Stored items from a collection
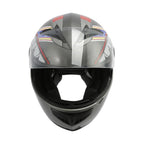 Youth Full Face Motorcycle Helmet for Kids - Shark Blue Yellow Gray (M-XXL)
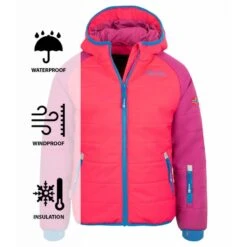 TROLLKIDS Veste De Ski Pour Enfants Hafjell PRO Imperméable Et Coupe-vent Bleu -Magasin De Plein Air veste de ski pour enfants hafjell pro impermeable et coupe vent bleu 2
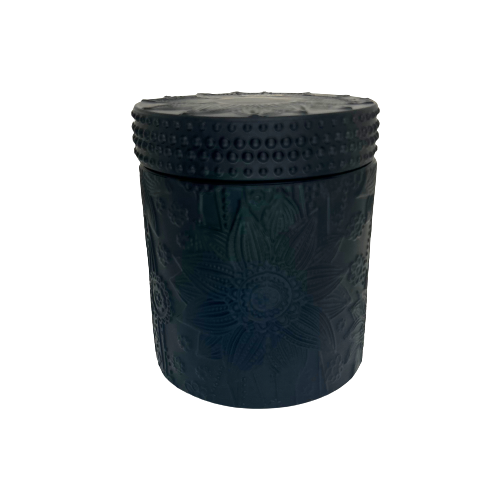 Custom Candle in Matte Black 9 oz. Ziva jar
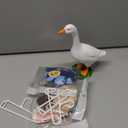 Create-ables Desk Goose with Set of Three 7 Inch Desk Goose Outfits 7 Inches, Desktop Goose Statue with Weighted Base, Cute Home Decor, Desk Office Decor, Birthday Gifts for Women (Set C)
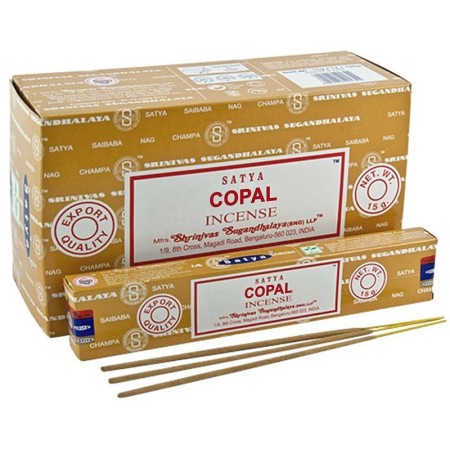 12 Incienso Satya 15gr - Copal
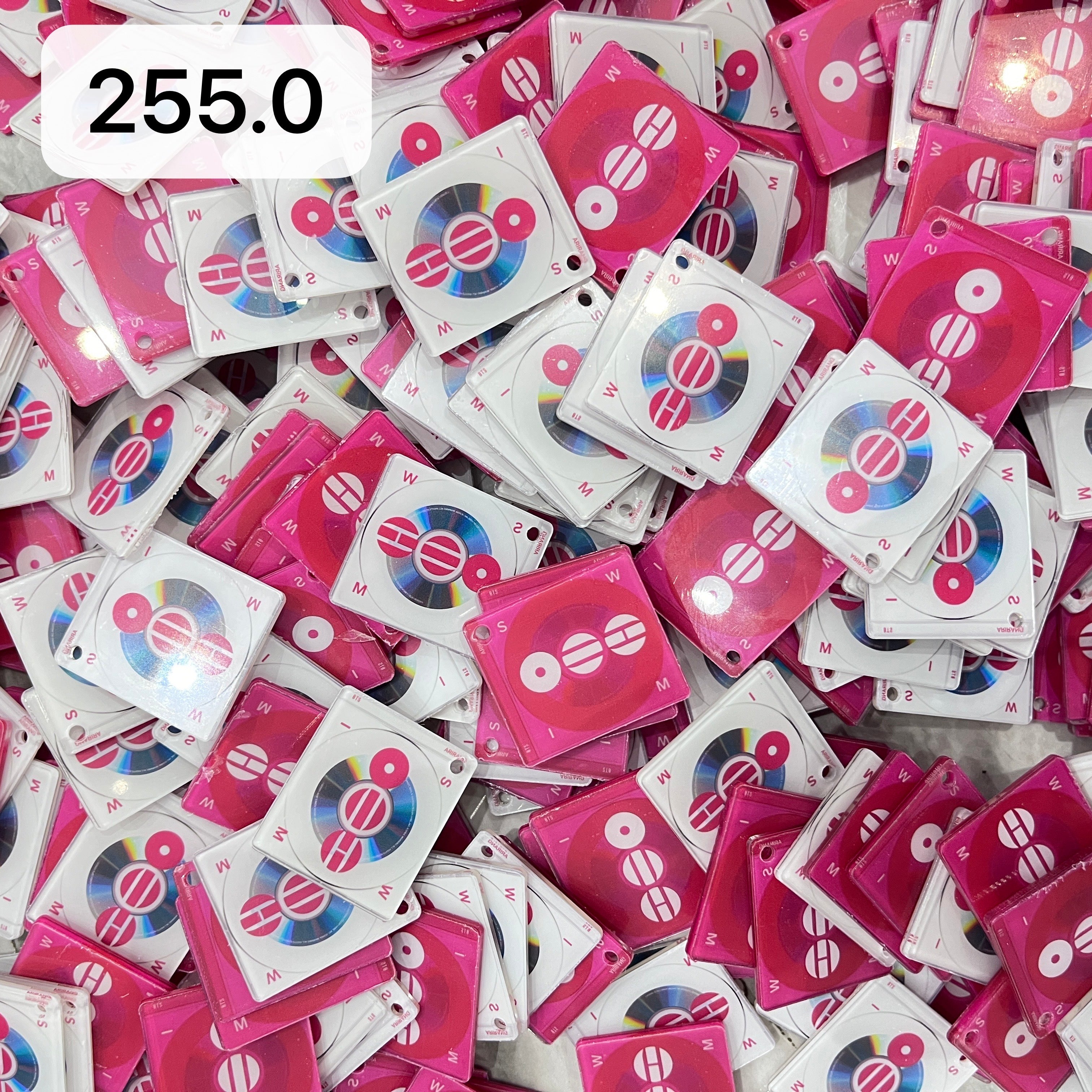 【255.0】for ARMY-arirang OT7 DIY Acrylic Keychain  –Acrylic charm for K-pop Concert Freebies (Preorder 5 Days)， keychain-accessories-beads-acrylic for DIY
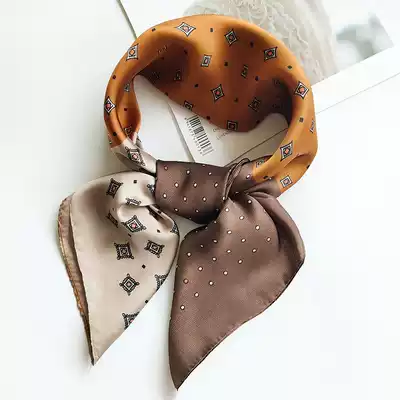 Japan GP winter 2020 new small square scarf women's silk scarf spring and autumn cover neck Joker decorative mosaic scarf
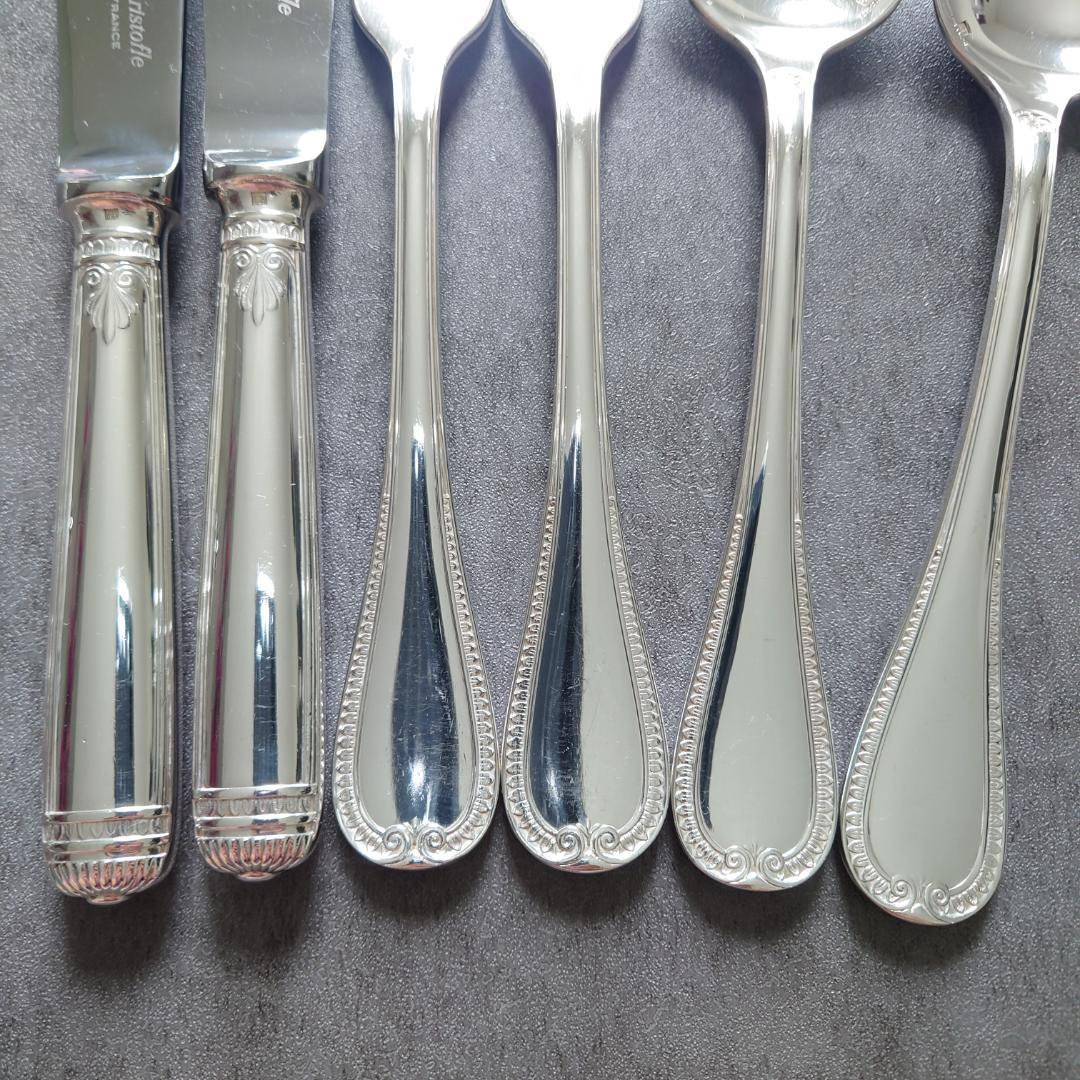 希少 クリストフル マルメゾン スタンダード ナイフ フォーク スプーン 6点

## What is being asked
Your task is to repeat the records exactly. Images do not belong in the copy.

## Reply to the task
 Youth Full Face Motorcycle Helmet for Kids - Shark Blue Yellow Gray (M-XXL)
 TROLLKIDS Veste De Ski Pour Enfants Hafjell PRO Imperméable Et Coupe-vent Bleu -Magasin De Plein Air veste de ski pour enfants hafjell pro impermeable et coupe vent bleu 2
 Custom Candle in Matte Black 9 oz. Ziva jar
 Create-ables Desk Goose with Set of Three 7 Inch Desk Goose Outfits 7 Inches, Desktop Goose Statue with Weighted Base, Cute Home Decor, Desk Office Decor, Birthday Gifts for Women (Set C)
 12 Incienso Satya 15gr - Copal
 【255.0】for ARMY-arirang OT7 DIY Acrylic Keychain  –Acrylic charm for K-pop Concert Freebies (Preorder 5 Days)， keychain-accessories-beads-acrylic for DIY
 Japan GP winter 2020 new small square scarf women's silk scarf spring and autumn cover neck Joker decorative mosaic scarf
 希少 クリストフル マルメゾン スタンダード ナイフ フォーク スプーン 6点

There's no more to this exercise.